Ultimately, the code you produce is the output generated by your priorities. And your priorities are driven by your purpose.

You can make those priorities tangible in the form of design principles.

You can make those design principles visible by publishing them.

Assumptions

Last year Benedict Evans wrote about the worldwide proliferation and growth of smartphones. Nolan referenced that post when he extrapolated the kind of experience people will be having:

As Benedict Evans has noted, the next billion people who are poised to come online will be using the internet almost exclusively through smartphones. And if Google’s plans with Android One are any indication, then we have a fairly good idea of what kind of devices the “next billion” will be using:

  • They’ll mostly be running Android.
  • They’ll have decent specs (1GB RAM, quad-core processors).
  • They’ll have an evergreen browser and WebView (Android 5+).
  • What they won’t have, however, is a reliable internet connection.

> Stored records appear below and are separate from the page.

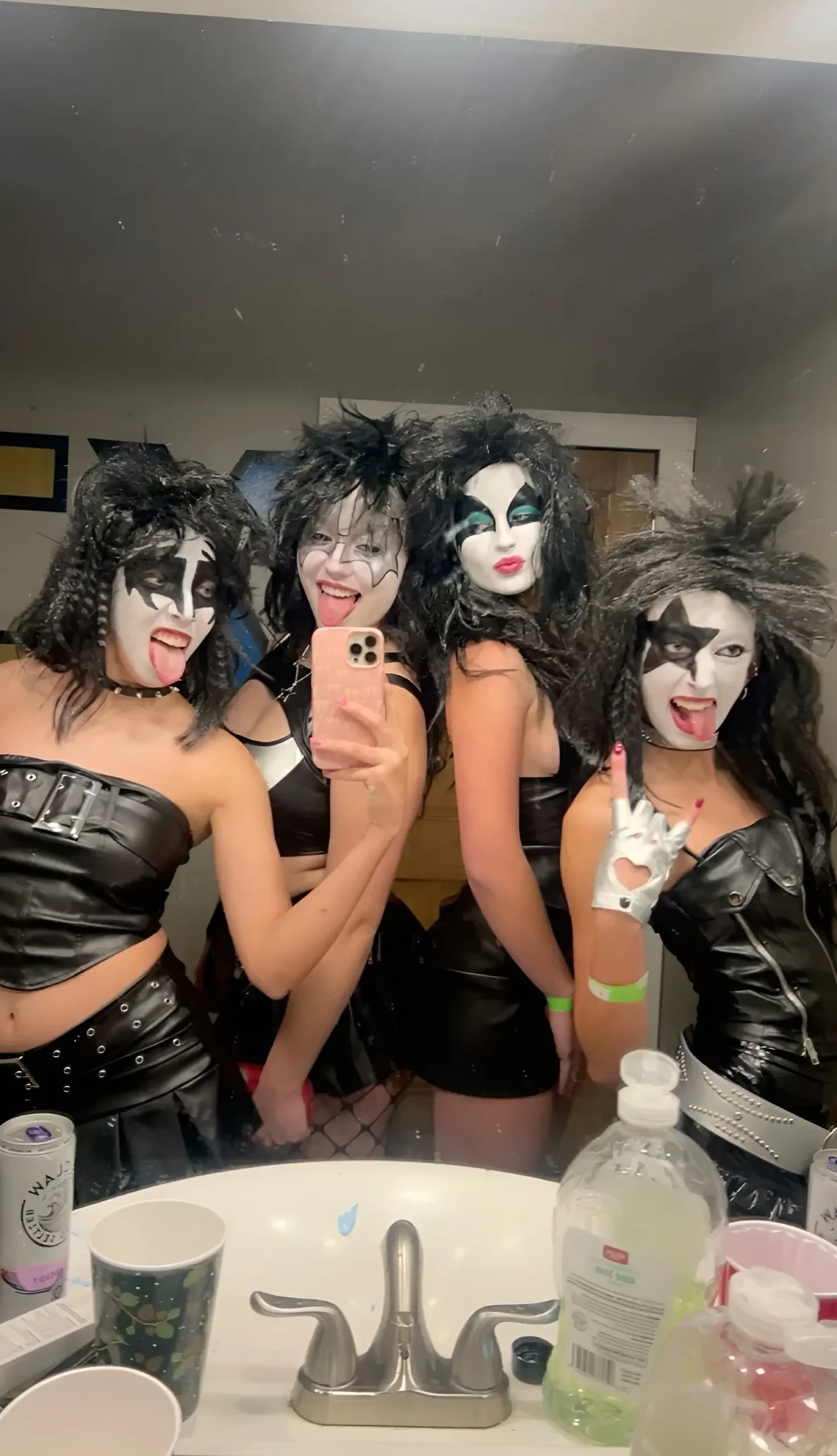 group of women in kiss band costumes black leather outfits dramatic face paint 11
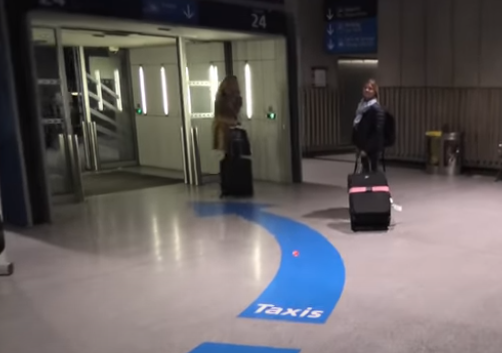 Lady pulling suitcase towards  gate at Charles de Gaulle airport to take a taxi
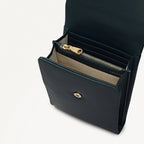 Black leather handbag with gold zipper and clasp on a light gray background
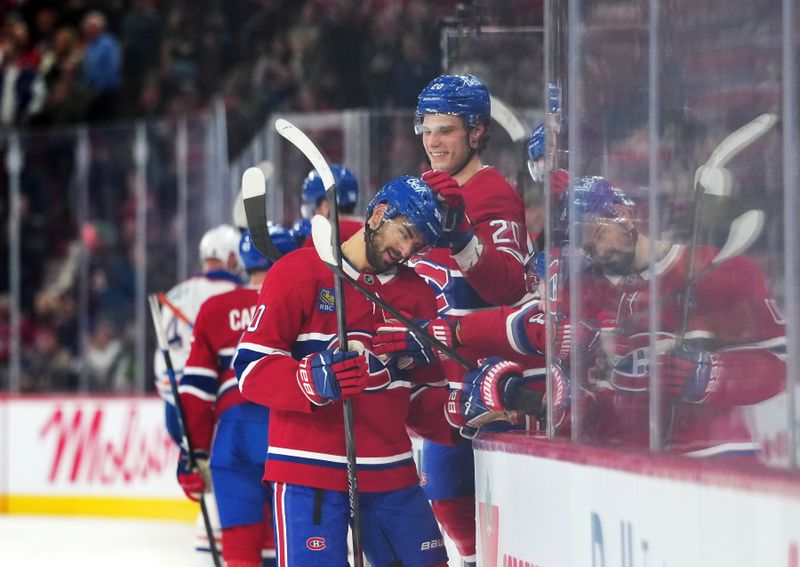 Dec 14, 2025; Montreal, Quebec, CAN; Montreal Canadiens forward Joe Veleno (90) celebrates with teammates after scoring a goal against the Edmonton Oilers during the second period at the Bell Centre. Mandatory Credit: Eric Bolte-Imagn Images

This is the same argument that Tom made in his presentation at Responsive Field Day. The main point is that network conditions are unreliable, and I absolutely agree that we need to be very, very mindful of that. But I’m not so sure about the other conditions either. They smell like assumptions:

Assumptions are the problem. Whether it’s assumptions about screen size, assumptions about being able-bodied, assumptions about network connectivity, or assumptions about browser capabilities, I don’t think any assumptions are a safe bet. Now you might quite reasonably say that we have to make some assumptions when we’re building on the web, and you’d be right. But I think we should still aim to keep them to a minimum.

It’s not necessarily true that all those new web users will be running WebView browser like Chrome—there are millions of Opera Mini users, and I would expect that number to rise, given all the speed and cost benefits that proxy browsing brings.

I also don’t think that just because a device is a smartphone it necessarily means that it’s a pocket supercomputer. It might seem like a reasonable assumption to make, given the specs of even a low-end smartphone, but the specs don’t tell the whole story.

Alex gave a great presentation at the recent Polymer Summit. He dives deep into exactly how smartphones at the lower end of the market deal with websites.

I don’t normally enjoy listening to talk of hardware and specs, but Alex makes the topic very compelling by tying it directly to how we build websites. In short, we’re using waaaaay too much JavaScript. The message here is not “don’t use JavaScript” but rather “use JavaScript wisely.” Alas, many of the current crop of monolithic frameworks aren’t well suited to this.

Alex’s talk prompted Michael Scharnagl to take a look back at past assumptions and lessons learned on the web, from responsive design to progressive web apps.

We are consistently improving and we often have to realize that our assumptions are wrong.

This is particularly true when we’re making assumptions about how people will access the web.

It’s not enough to talk about the “next billion” in abstract, like an opportunity to reach teeming masses of people ripe for monetization. We need to understand their lives and their priorities with the sort of detail that can build empathy for other people living under vastly different circumstances.